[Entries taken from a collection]
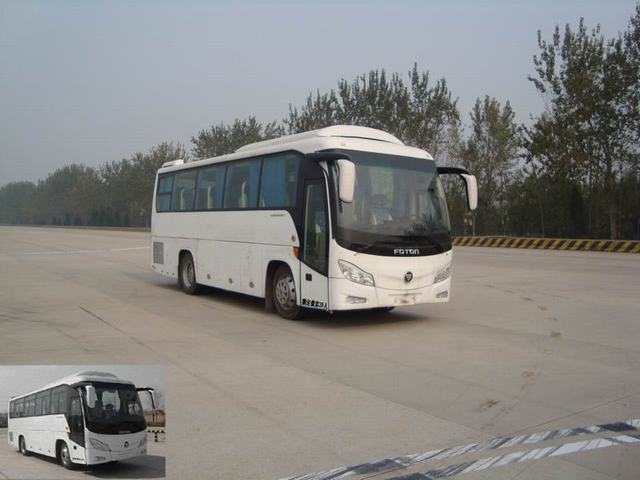 BJ6852U6AHB-1客车燃油公告图片2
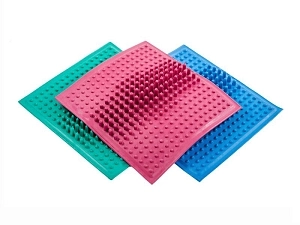 Массажный коврик «Квадрат» — рефлексогенный РЭЗ-1305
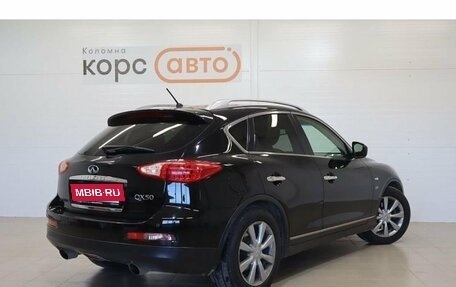 Infiniti QX50 I рестайлинг, 2014 год, 1 567 500 рублей, 3 фотография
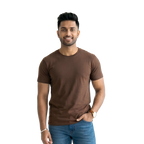 Unisex Round neck Tshirt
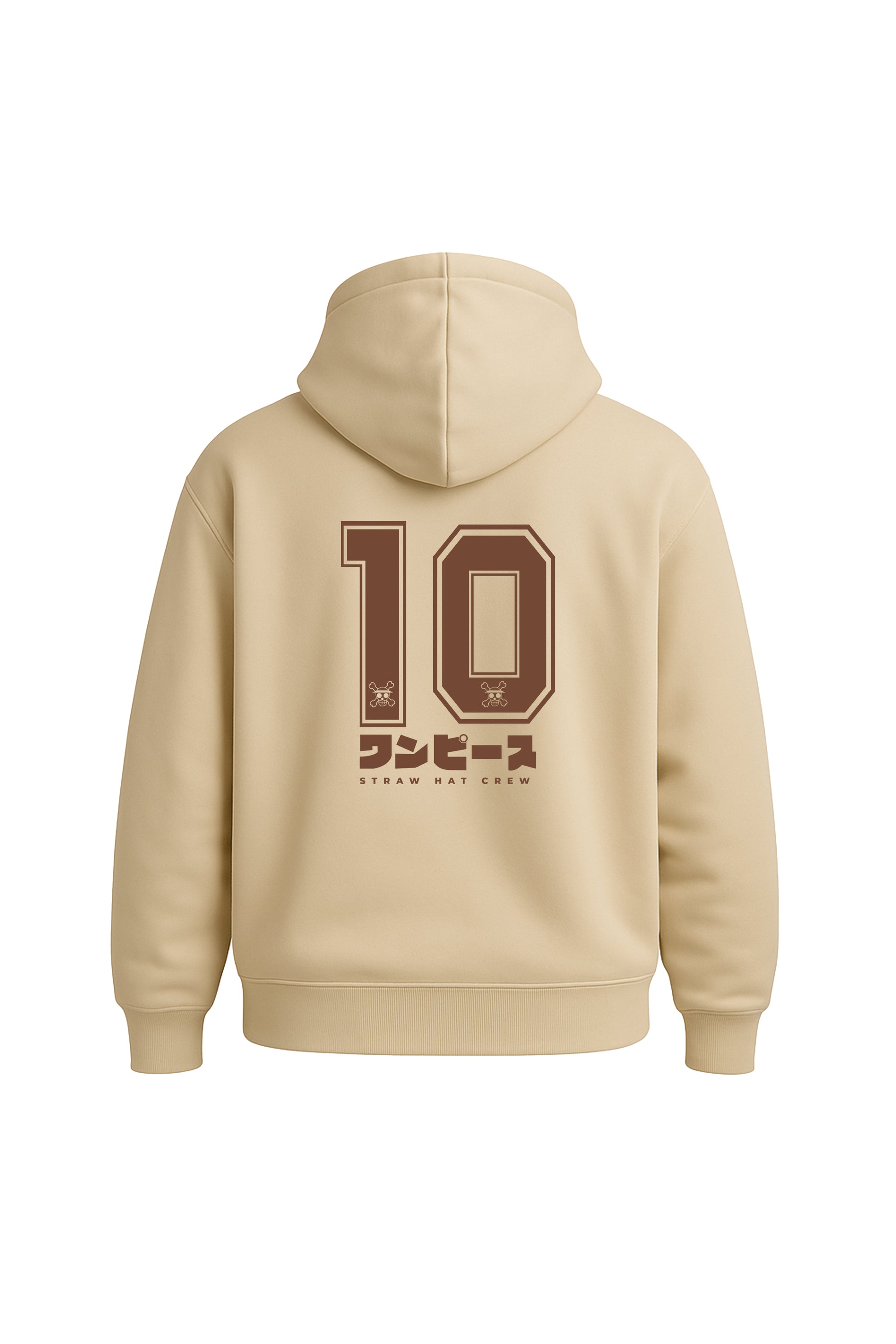 ONE PIECE PIRATE CREW HOODIE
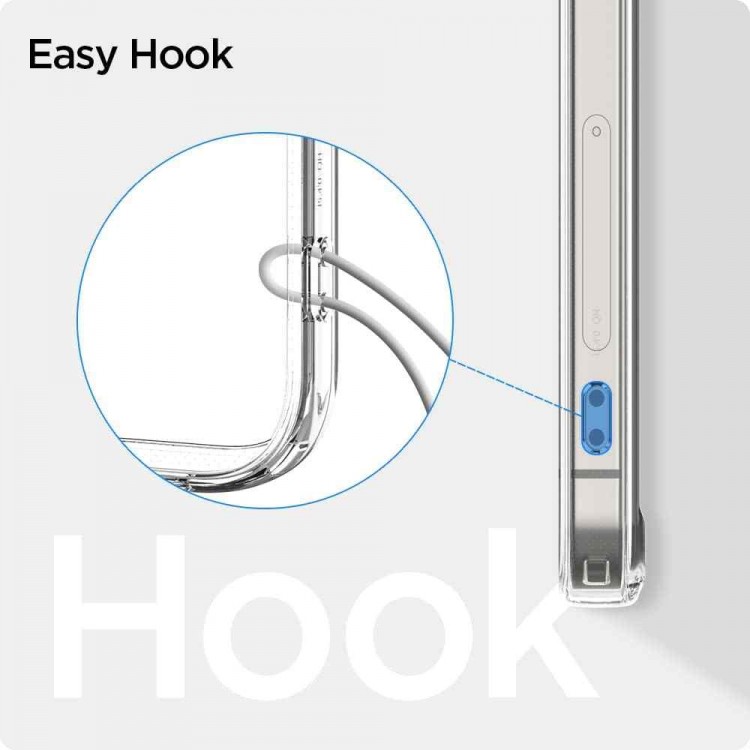 Θήκη Spigen SGP QUARTZ Hybrid για Apple iPhone 12 MINI - MAT ΔΙΑΦΑΝΟ - ACS02602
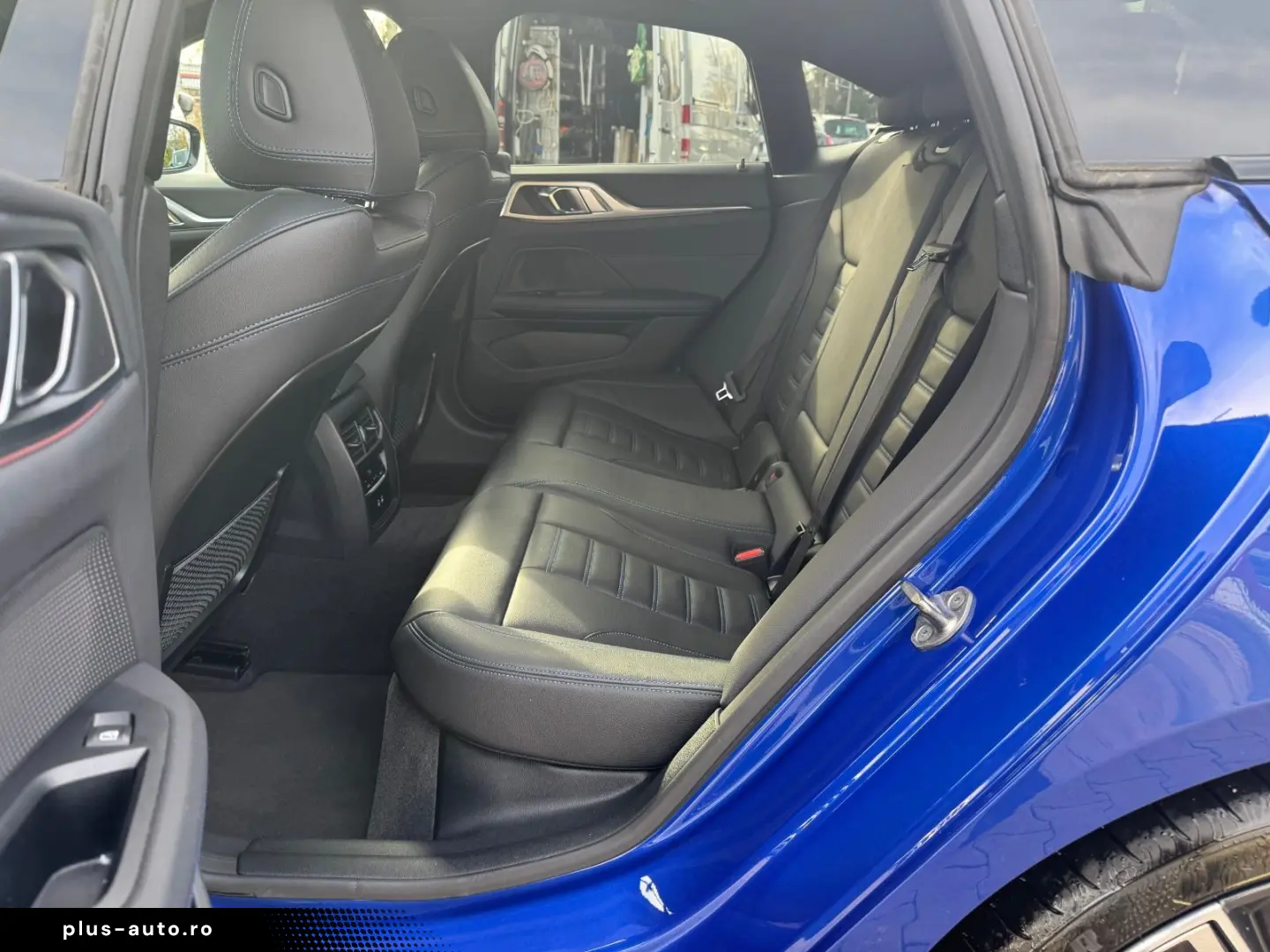 BMW 420 4 Gran Coupe 420 d xDrive M Sport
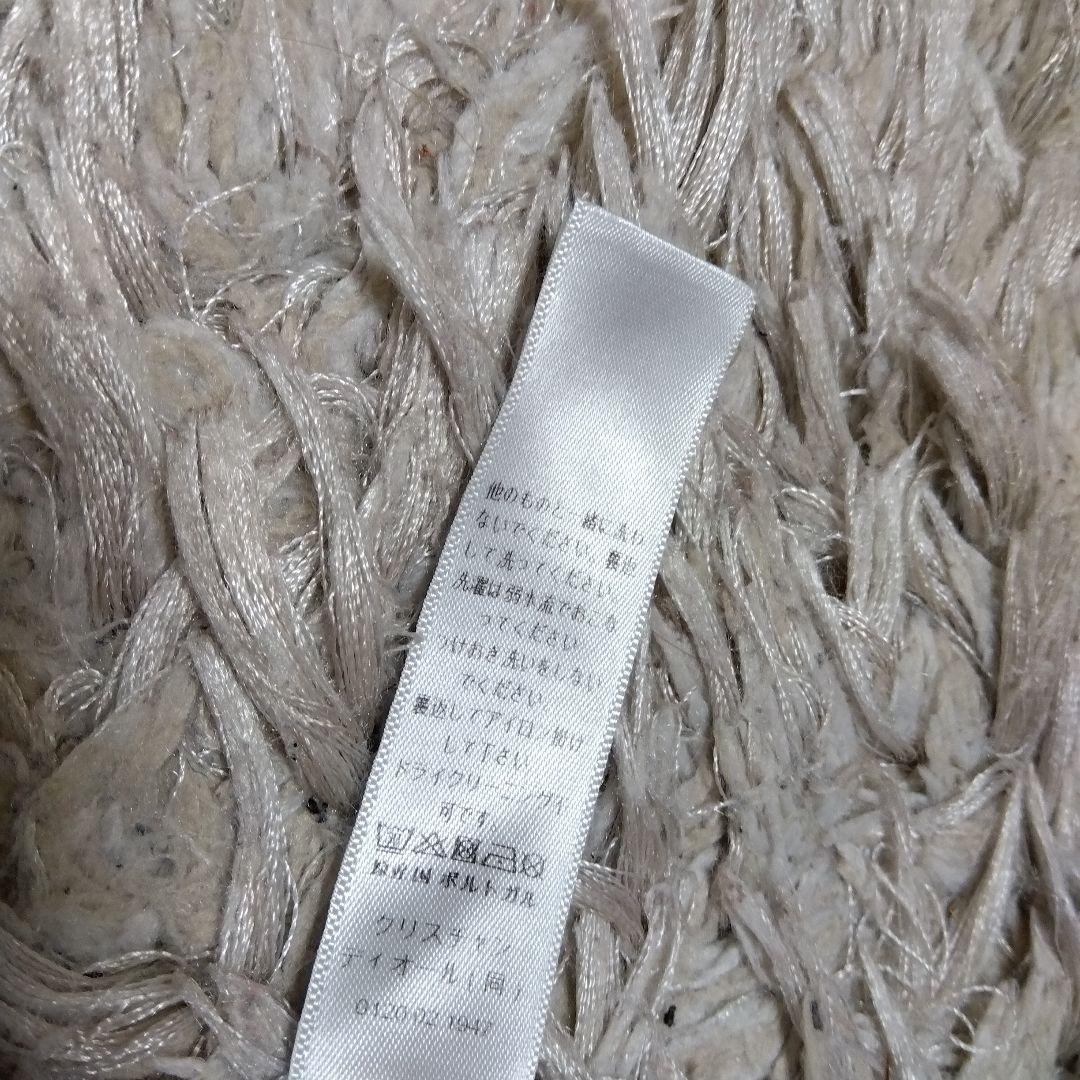 353●baby DIOR　ディオール　長袖Tシャツ　18M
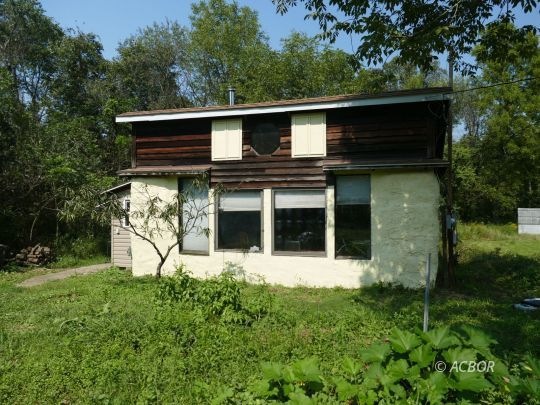 Front of house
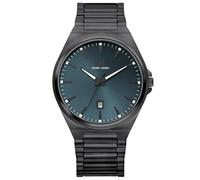 Danish Design IQ98Q1303 Herrenuhr Quarz DKx Pro Grau/Blau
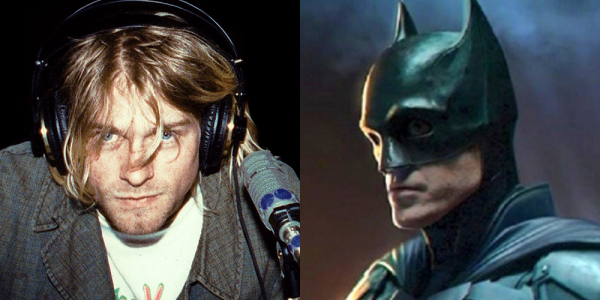 Una canción de Nirvana sorprende en el trailer de The Batman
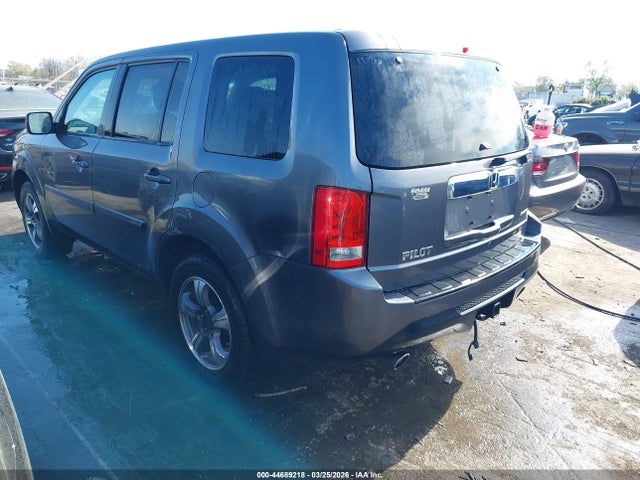 Aukcja sprzedaży 2015 Honda Pilot Se, vin: 5FNYF3H30FB035021, numer aukcji: 44689218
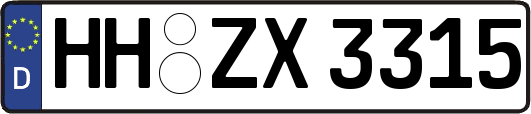 HH-ZX3315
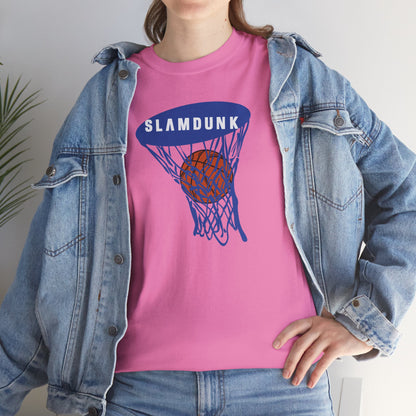SLAMDUNK Unisex Heavy Cotton Tee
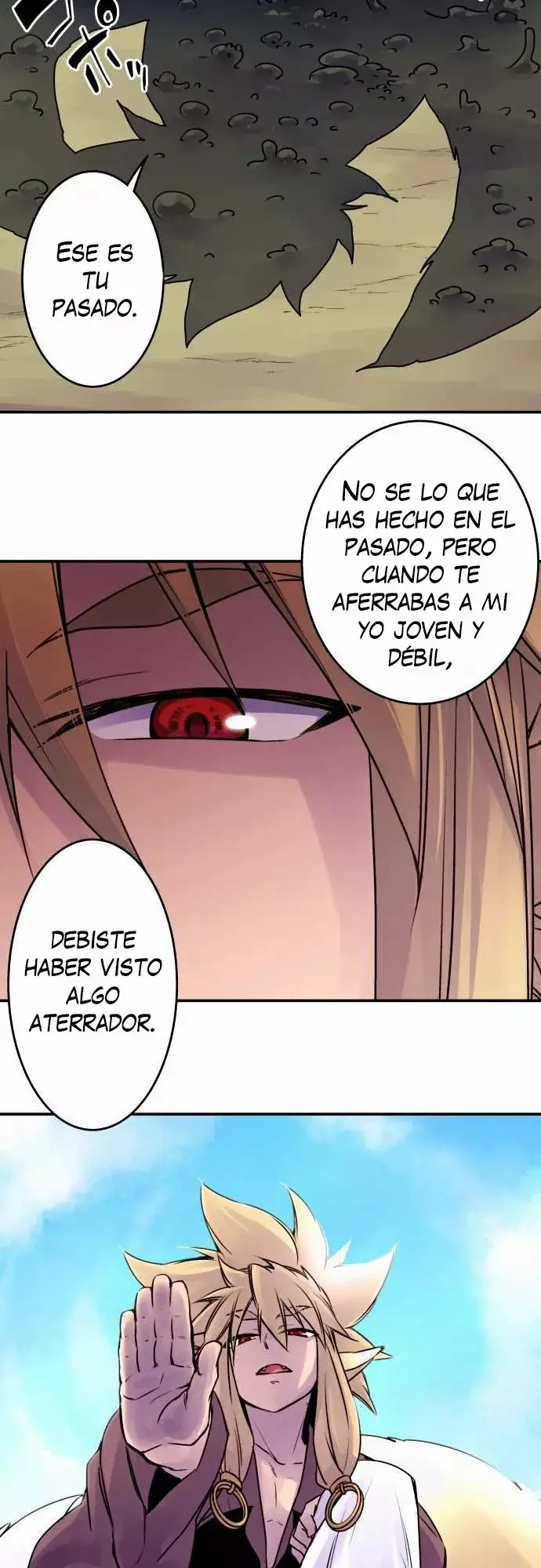 Ake no Tobari capítulo 33 página 10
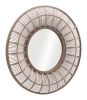 Toto Mirror Antique Gold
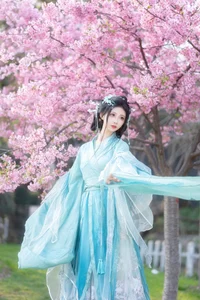 Art Language Vol.4212 Qi Luo Sheng De Xiao Su Su: Elegance Captured in Every Frame - image 4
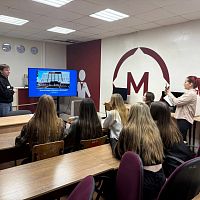 Квест «ЧЭТК» для первокурсников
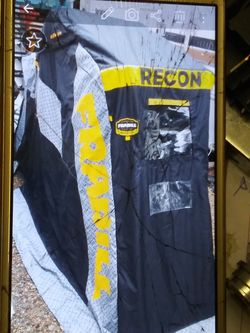 FRABILL RECON 100 / GROUND BLIND NEW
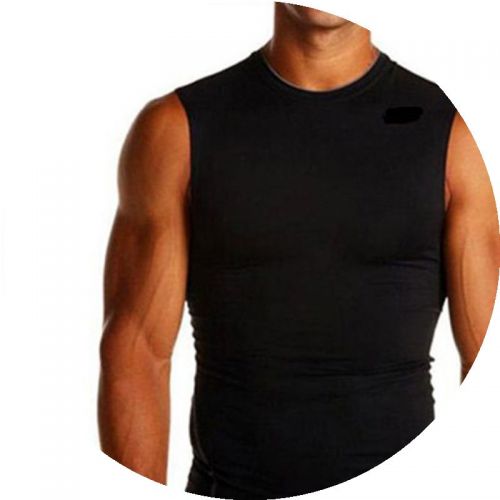 Vêtement fitness homme en nylon - Ref 609881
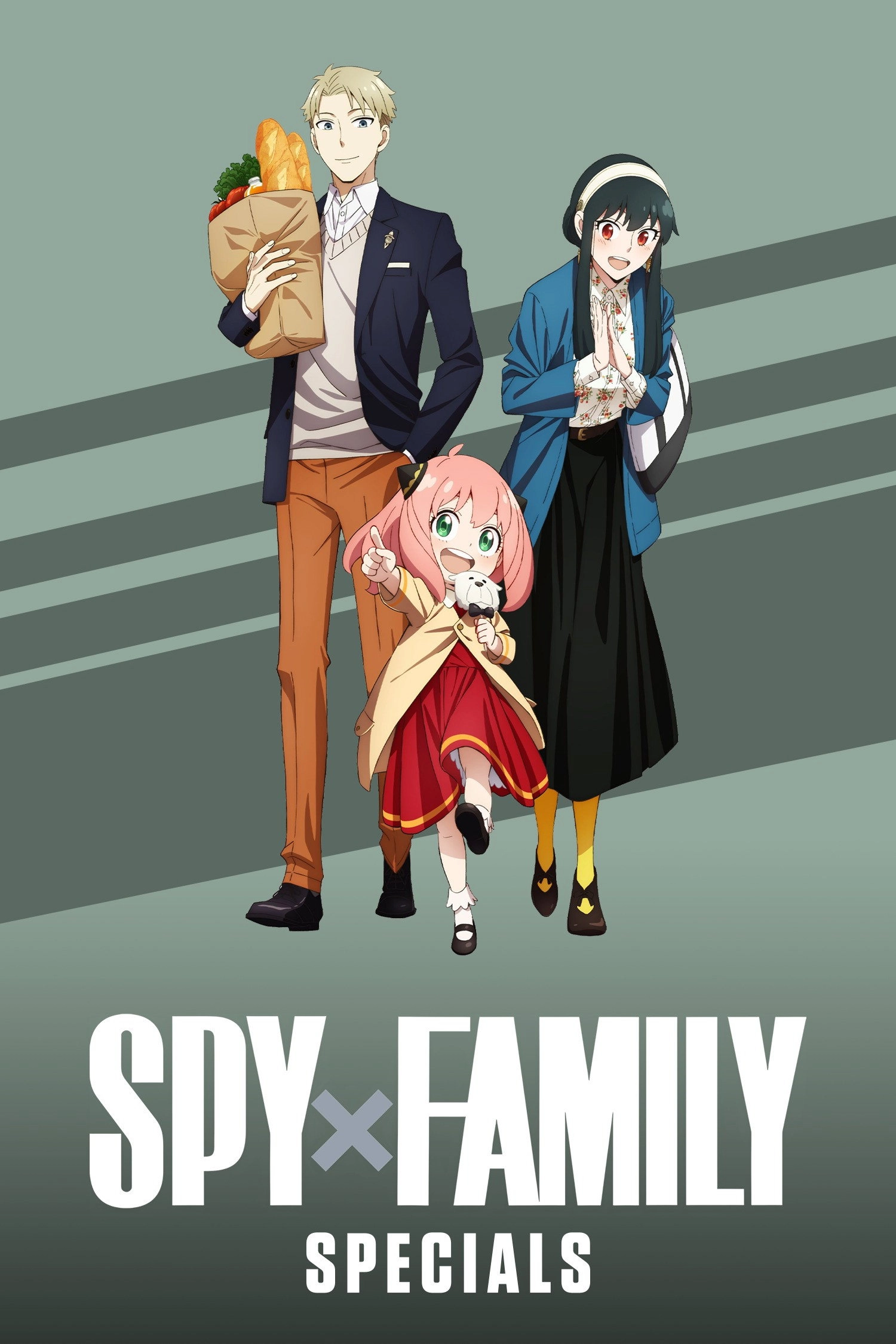 SPY x FAMILY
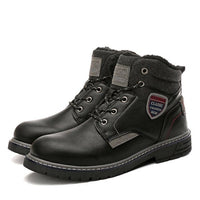 Men's large casual footwear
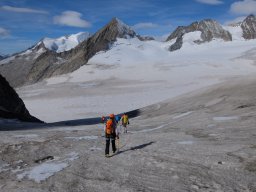 Finsteraarhorn Aout 2015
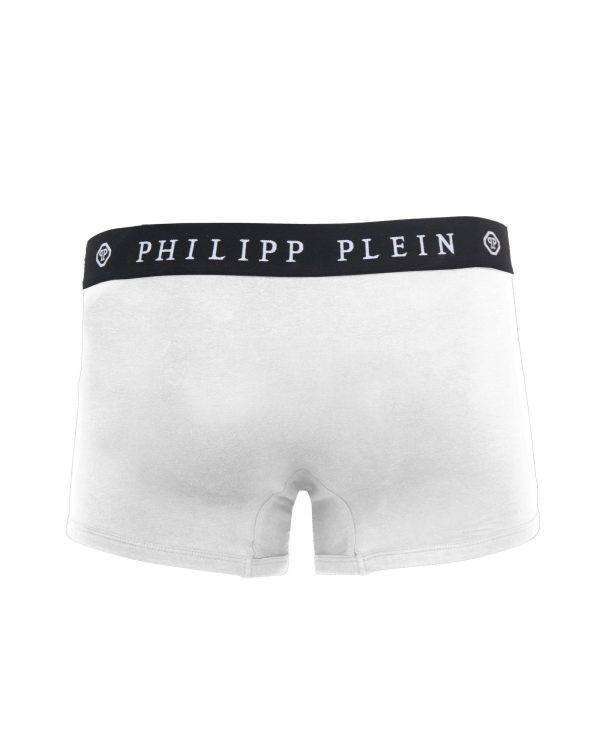 Philipp Plein Elasticized Boxer – Pack of 2 XL Men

THE TASK:
Please return only the lines from the one holding "SPY x FAMILY" through the end of the data, both ends included; do not copy any pictures.

TASK ANSWER:
 SPY x FAMILY
 Men's large casual footwear
 Finsteraarhorn Aout 2015
 Philipp Plein Elasticized Boxer – Pack of 2 XL Men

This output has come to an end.